Sir Robert H. Inglis

said, there could he no doubt that a breach of privilege had been committed, and such a breach as ought to be punished in the usual manner; and it was, therefore, waste of time to oc- cupy the attention of the House further with the subject.

Mr. Shaw

disclaimed, on his own part, and on the part of his hon. friends, any intention of attributing to the right hon. Secretary (Mr. Stanley), that he had brought forward the subject with reference to the line of politics adopted by the paper in which the document appeared. Differing as he did from the right hon. Gentleman in politics, he was perfectly convinced that the right hon. Gentleman had not been biassed in any degree by the politics of the paper. His hon. friends considered, however, that it was a hard case to punish Mr. Sheehan for a breach of privilege, in publishing a Report of a Committee, when it was well known that breaches of privilege passed unnoticed every day. Without entering further into the general question, he wished to call attention to two points which appeared to be relied upon by the right hon. Secretary as aggravations of the offence. It was stated as an aggravation, that the report in question, though distributed amongst the Members of the Committee, had never been presented to that House; and the second circumstance was, an article which had been published in The Evening Mail, in reference to the pretended report. Now, as regarded the first point, it had not appeared that Mr. Sheehan was aware that the report had not been presented to the House; and as to the article which appeared in The Evening Mail, and which was printed subsequently to the publication of the report, there was no evidence that Mr. Sheehan had written that article. It was in evidence that he was the proprietor, but it did not appear that he was the editor; and he (Mr. Shaw) understood the fact to be that he was not the editor. He might have indiscreet friends in Dublin; but he was sure the right hon. Gentleman would not desire to visit that circumstance on Mr. Sheehan. He had merely thrown out these observations for the consideration of the right hon. Gentleman at the House.

Mr. O'Connell

—I wish to ask, whether it makes any difference that the document did not refer to any proceeding of this House?

The Speaker

said, that no Member of the House, who was not also a Member of the Committee, could have been presumed to know anything of the document which the resolution referred to.

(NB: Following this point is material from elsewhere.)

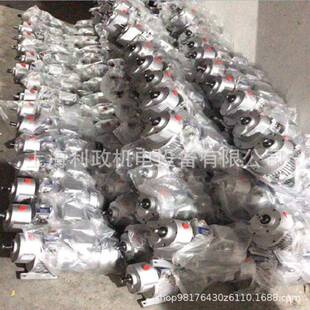 WO4 0.37KW 200 变速器MB系列行星摩擦式 转速40 无级变MB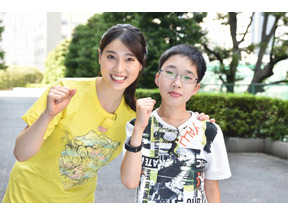 相葉雅紀ドラマ＆土屋太鳳の登山挑戦…今年も企画目白押し「24時間テレビ」放送 画像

The question on the Resolution agreed to.

Mr. Stanley

said, that, looking to all the circumstances of the case, be felt bound to follow up the Resolution which had just been agreed to, by moving that Mr. Sheehan should be committed to the custody of the Serjeant-at-Arms. He thought it was also better that the officers concerned in printing and distributing the Reports of Committees should be in attendance to-morrow evening, in order that, if Mr. Sheehan persisted—as he (Mr. Stanley) trusted he would not do, upon better reflection—in concealing the means by which he became possessed of the document, they might endeavour to trace it out by a strict examination.

Ordered accordingly.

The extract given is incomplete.